Design KPI tables, retention, rollups, timezone
Company: Nextdoor
Role: Data Engineer
Category: System Design
Difficulty: hard
Interview Round: Technical Screen
You are building a fast KPI dashboard for **Nextagram**. The raw tables are:
- **users**(user_id PK, username, created_at TIMESTAMP)
- **photos**(photo_id PK, user_id, created_at TIMESTAMP)
- **follows**(follower_user_id, followed_user_id, created_at TIMESTAMP)
Assume raw timestamps are stored in **PST** initially.
The dashboard is reported **daily** (one row per report date). Define the daily KPIs as:
- **new_users**: users created on that report date
- **new_users_change_vs_7d_ago**: new_users(today) − new_users(today − 7 days)
- **DAU**: distinct users who performed at least one “active” action that day (define “active” as: posted a photo OR followed someone)
- **DAU_change_vs_7d_ago**
- **new_photos**: photos created on that report date
- **new_photos_per_DAU**: new_photos / DAU
- **new_photos_change_vs_7d_ago**
- **followers**: total number of follow relationships as-of end of that report date (i.e., cumulative count of rows in follows with created_at <= end_of_day)
- **%_users_with_0_followers**: percent of users whose follower count (inbound follows) is 0 as-of end of that date
- **%_users_with_1_2_followers**
- **%_users_with_3plus_followers**
Tasks:
**A) Data model / table design**
- Design the derived table(s) that power this dashboard for a huge dataset (fast reads).
- Specify table schemas (columns, grain, and keys), and what is precomputed.
- List key considerations (partitioning/clustering, incremental loads, idempotency, late-arriving data, correctness vs cost, etc.).
**B) Daily population strategy**
- Describe how you would populate/refresh these tables every day from the raw tables (high-level ETL steps; SQL/pseudocode is acceptable).
**C) Add 1-week retention**
- Add a **1-week retention** metric to the dashboard: for each cohort day D (users who joined on D), what fraction are active on D+7 (using the same “active” definition as DAU).
- Describe required table changes and how you would compute it efficiently.
**D) Switch to weekly rollups**
- The dashboard should support **weekly** rollups instead of daily.

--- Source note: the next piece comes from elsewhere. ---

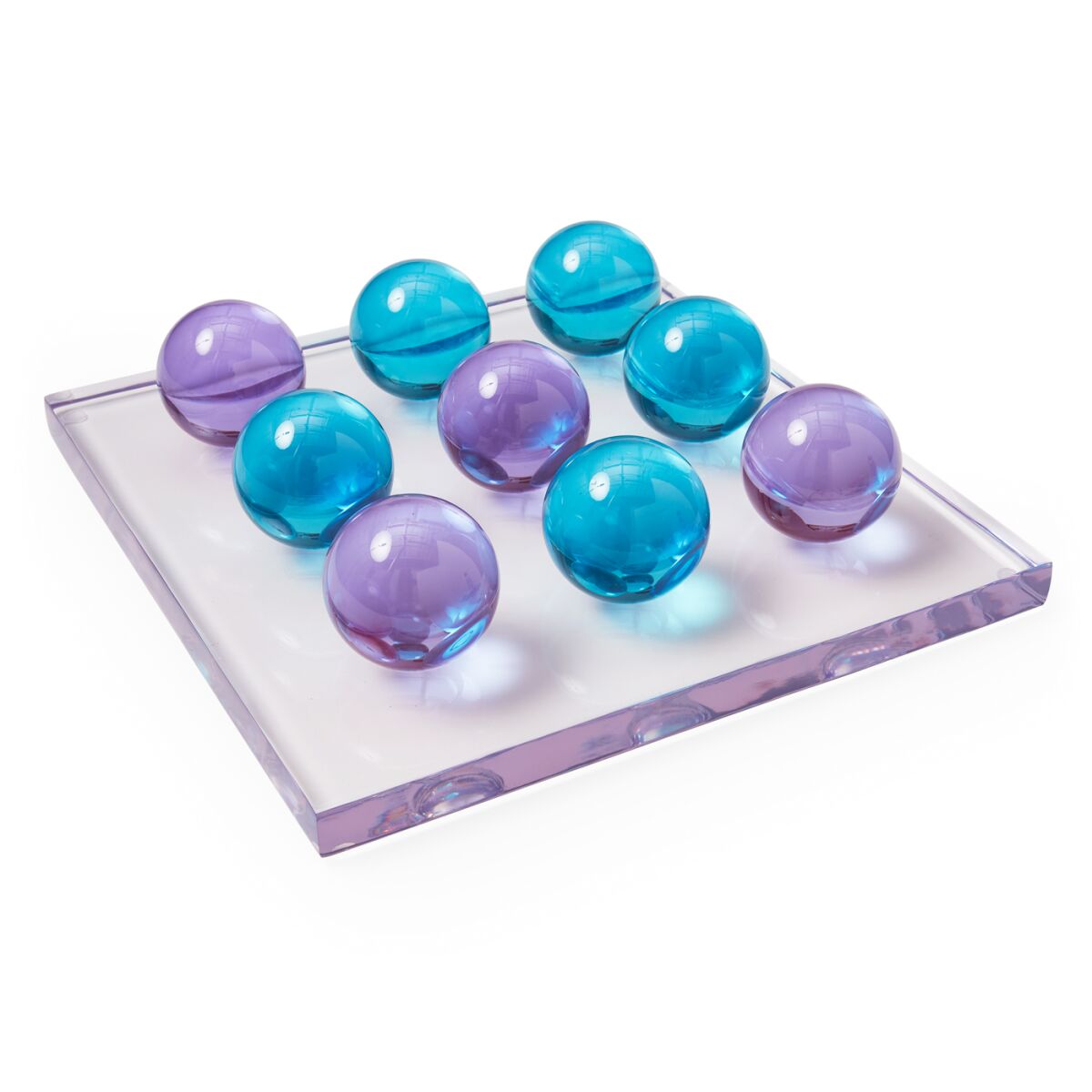 Turquoise and purple playing pieces on a thick slab of clear acrylic.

Describe what changes in the table design and computation (date grain, definitions of “change vs 7d ago”, handling partial weeks, etc.).
**E) Report in a different timezone**
- A New York office wants metrics reported in **EST** instead of PST. Describe what must change (timestamp storage, date boundaries, ETL windows, backfills, and how to avoid double-counting at day boundaries).
Quick Answer: This question evaluates data engineering and analytical-system design competencies, including derived table schema design, ETL and incremental load strategies, time-series rollups, cohort/retention analysis, aggregation correctness, and timezone-aware event handling, and it sits in the System Design / Data Engineering domain.